Find a simple continued fraction expansion for $\sqrt{3}$.

To avoid the possibility of round-off error in a calculator, let us keep exact values throughout our calculation.

First, we separate the integer part of $\sqrt{3}$ from the fractional part:

$$\sqrt{3} = 1 + (\sqrt{3} - 1)$$

Reciprocating the fractional part twice (which doesn't change it's value), and then multiplying by a well-chosen value of one that involves the conjugate of $\sqrt{3}-1$ (again, not changing the overall value, we have

$$= 1 + \frac{1}{\displaystyle{\frac{1}{\sqrt{3}-1} \cdot \frac{\sqrt{3}+1}{\sqrt{3}+1}}}$$

Simplifying the bottom-most product, we arrive at

$$= 1 + \frac{1}{\displaystyle{\frac{\sqrt{3}+1}{2}}}$$

Now we start the process over. We separate the integer part of $\frac{\sqrt{3}+1}{2}$ from its fractional part:

$$= 1 + \frac{1}{\displaystyle{1+\frac{\sqrt{3}-1}{2}}}$$

Then, we reciprocate the fractional part twice and multiply by a well-chosen value of one that involves a conjugate

$$= 1 + \frac{1}{\displaystyle{1+\displaystyle{\frac{1}{\displaystyle{\frac{2}{\sqrt{3}-1} \cdot \frac{\sqrt{3}+1}{\sqrt{3}+1}}}}}}$$

and, like before, we simplify this bottom-most product

$$= 1 + \frac{1}{\displaystyle{1+\displaystyle{\frac{1}{\displaystyle{\sqrt{3}+1}}}}}$$

As we start to do it again, we notice something when we separate the integer part of $\sqrt{3}+1$ from its fractional part...

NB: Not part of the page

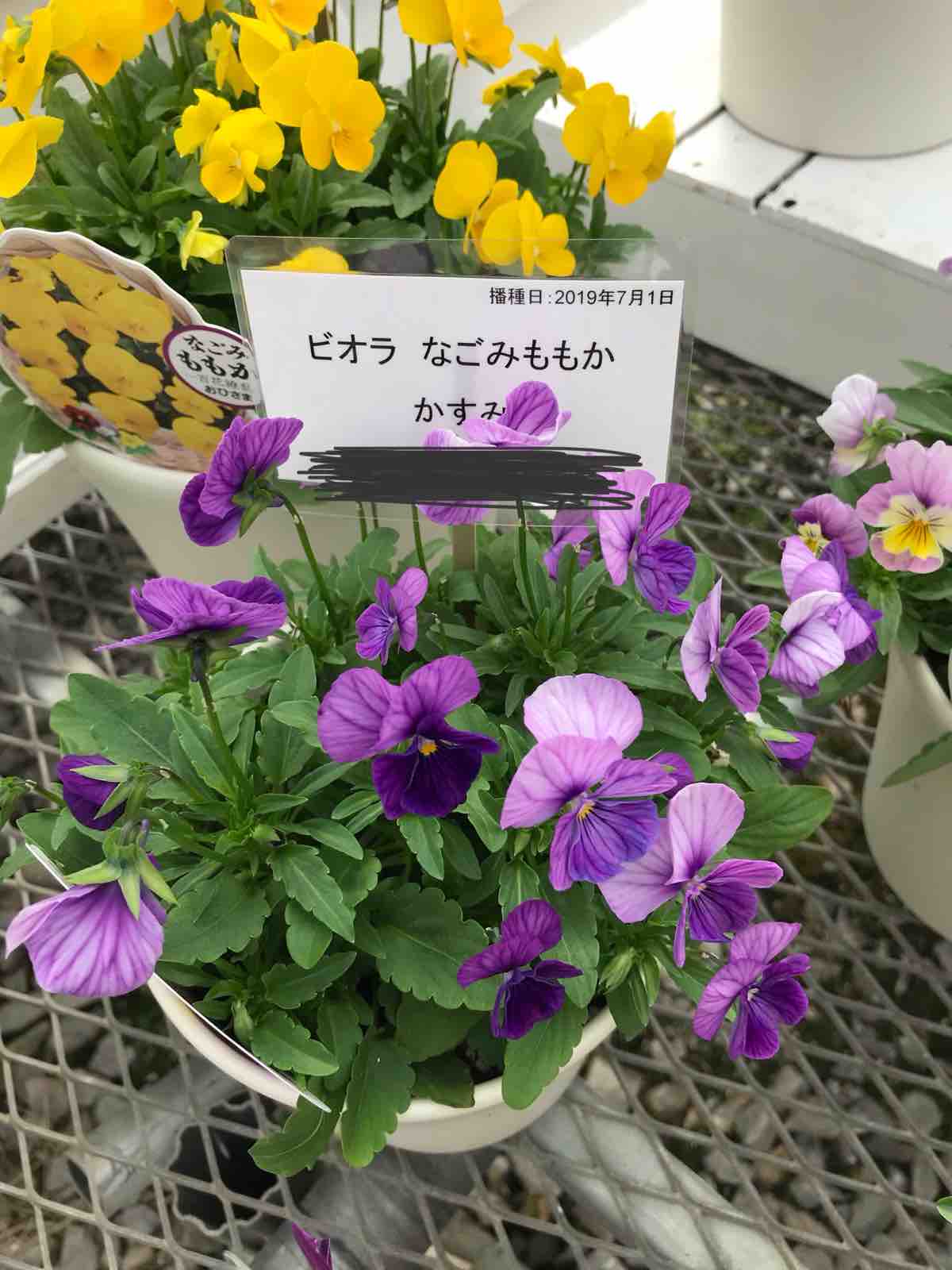 ずっと植えたかったビオラ Yuika 結花 Hanayoshiの毎日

$$= 1 + \frac{1}{\displaystyle{1+\displaystyle{\frac{1}{\displaystyle{2 + (\sqrt{3}-1)}}}}}$$

The fractional part found is something we have seen already -- it is the same fractional part we discovered for $\sqrt{3}$ at the beginning of this argument! As such, this continued fraction will simply repeat from this point forward. Thus, the simple continued fraction representation for $\sqrt{3}$ is given by

$$\sqrt{3} = [1;\overline{1,2}]$$